Brookline, Massachusetts, December 9, 2025
Archbishop Elpidophoros of the Greek Orthodox Archdiocese of America (Patriarchate of Constantinople) has stated that the division between Eastern and Oriental Orthodox Churches is not fundamentally theological and that there is no reason preventing their unity, despite formal theological agreement having been reached decades ago.
Speaking at the Huffington Ecumenical Institute’s conference Eastern and Oriental Orthodox Churches: Moving the Dialogue Forward on November 4-6 in Brookline, Massachusetts, the Archbishop challenged what he called “theological romanticism” about Church divisions.
“We always romantically think that all the reasons that we are divided are theological. This is a theological romanticism, an ecclesiastical romanticism which has little to do with the reality, the historical reality of the real reasons that we don’t have communion,” Abp. Elpidophoros said.
He pointed to historical events following the Fourth Ecumenical Council of Chalcedon as evidence that theological disagreement alone did not cause the split. “For at least 200 years after the Fourth Ecumenical Council, we had communion. 200 years,” he noted, despite the Christological disagreements that emerged from the Council.

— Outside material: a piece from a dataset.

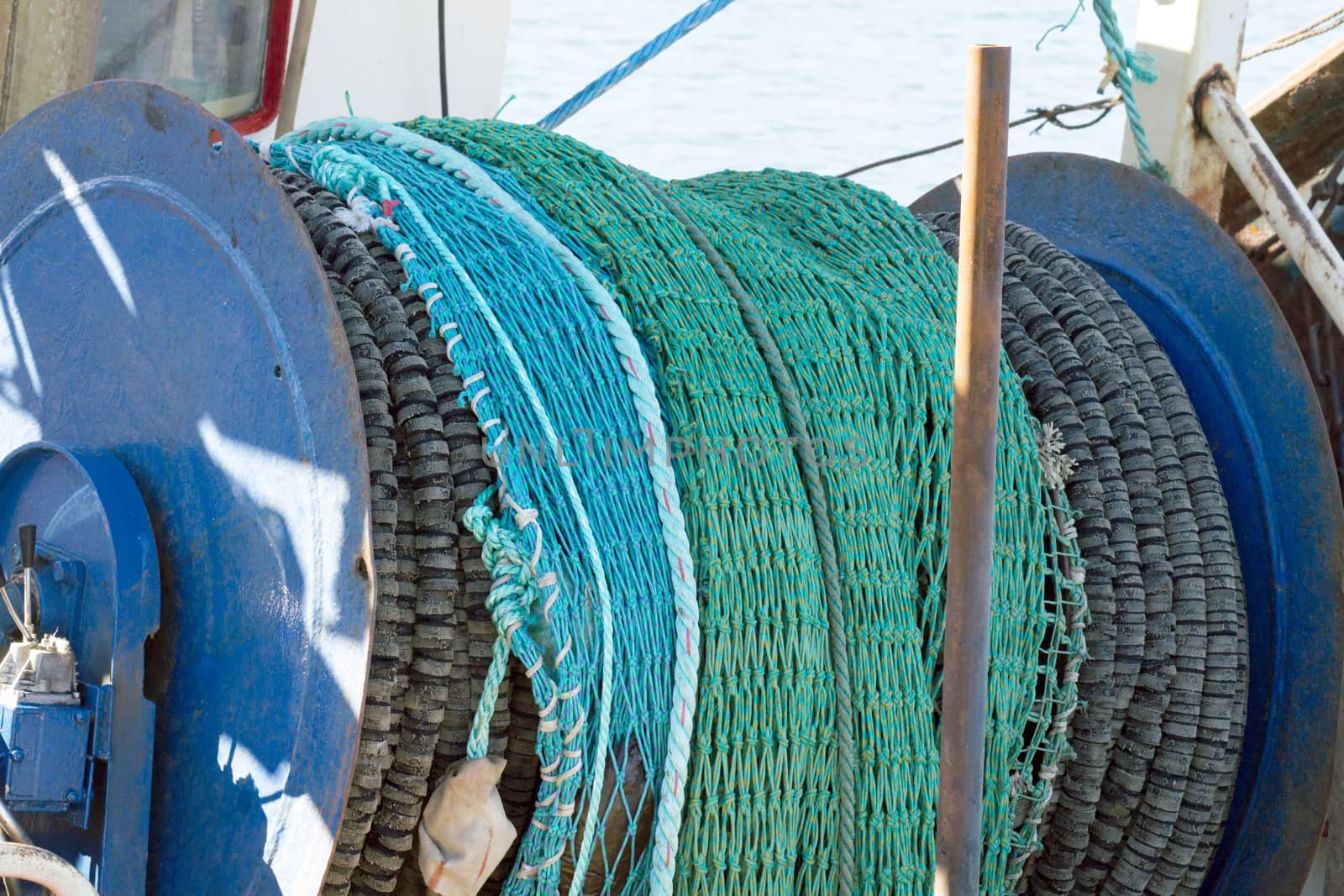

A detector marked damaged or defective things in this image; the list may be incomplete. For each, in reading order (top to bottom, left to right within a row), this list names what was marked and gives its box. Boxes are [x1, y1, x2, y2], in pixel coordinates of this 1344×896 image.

rusty metal pipe [934, 44, 1008, 896]
rusty metal pipe [1196, 70, 1344, 333]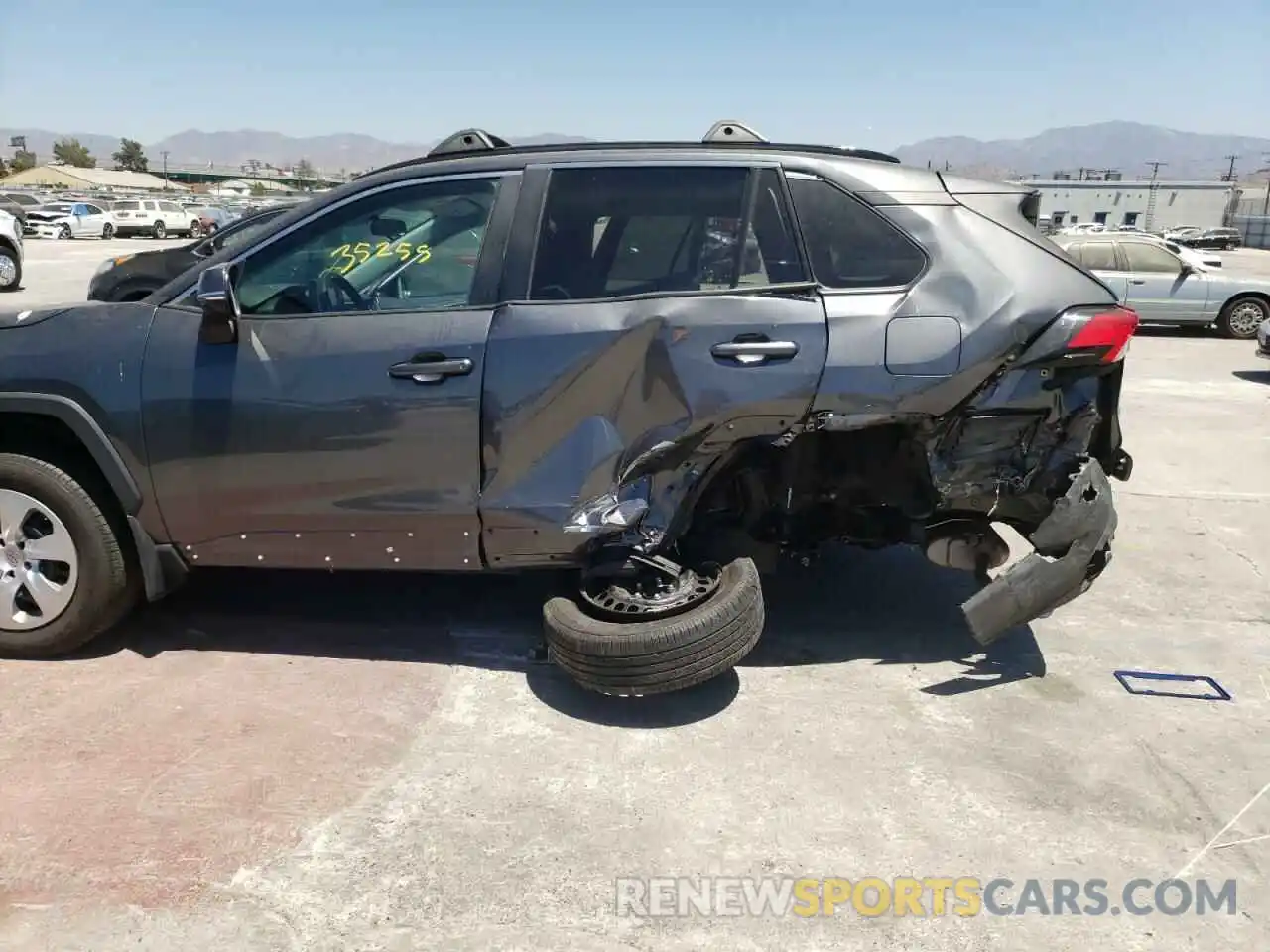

According to the Archbishop, political rather than theological factors ultimately drove the separation. “Arab invasions approached the empire. The emperors thought that the Christians who were at the borders of the empire, very close to the Arabs and not having the same faith with Constantinople, were a threat to the empire. So the Byzantine emperors of the Eastern Roman Empire started persecuting these Christians who did not accept Chalcedon. And this then, the blood that was shed, led these Christians to separate, to create parallel hierarchy, and to interrupt communion with Constantinople. This is history.”
Abp. Elpidophoros noted that the theological dialogue between Eastern Orthodox and Oriental Churches “was concluded decades ago.” He described the subsequent impasse: “We agreed on theology. Everything. There is an agreement. It was concluded like decades ago. And then we realized, ‘Okay, now what?’ The bishops were really blocked because they saw that theologians agreed.”
“And then the bishops realized that they are not ready, for other reasons this time, not for theological reasons. They are not ready for communion, for unity. Which means we are not honest when we say that the real reasons that we are not united and we don’t have communion are theological reasons,” the GOARCH head said.
The Archbishop is referring to the Joint Commission of the Theological Dialogue Between the Eastern Orthodox Church and the Oriental Orthodox Church, which met several times from 1964 to 1993, producing agreed statements in 1989 and 1990, the latter of which states: “We have now clearly understood that both families have always loyally maintained the same authentic Orthodox Christological faith, and the unbroken continuity of the apostolic tradition, though they have used Christological terms in different ways.”
Abp. Elpidophoros suggested that even clergy lack understanding of the theological differences. “If we ask not the faithful, but do a survey among the clergy of both traditions, Church families, Oriental and Eastern, and ask them what is the difference between the two Churches—the theological, the Christological difference—the clergy, not the faithful, have no idea. That’s the reality out there.”
The Archbishop criticized how easily modern Orthodox Churches break communion over jurisdictional disputes, pointing in specific to the recently healed break between the Jerusalem and Antiochian Patriarchates over the jurisdiction of Qatar and the Moscow Patriarchate’s breaking of communion with those who accept Constantinople’s tomos of autocephaly given to the “Orthodox Church of Ukraine.”
Other recent examples include Patriarch Bartholomew and the Holy Synod of Constantinople breaking communion with Archbishop Christodoulos of Athens in 2004 over the issue of the jurisdiction of several dioceses in northern Greece.
The Archbishop concluded with a stark assessment: “Let us be honest, if we believe that theological agreement is enough to move forward with communion, or the other option is hypocrisy. We are not honest when we have dialogue.”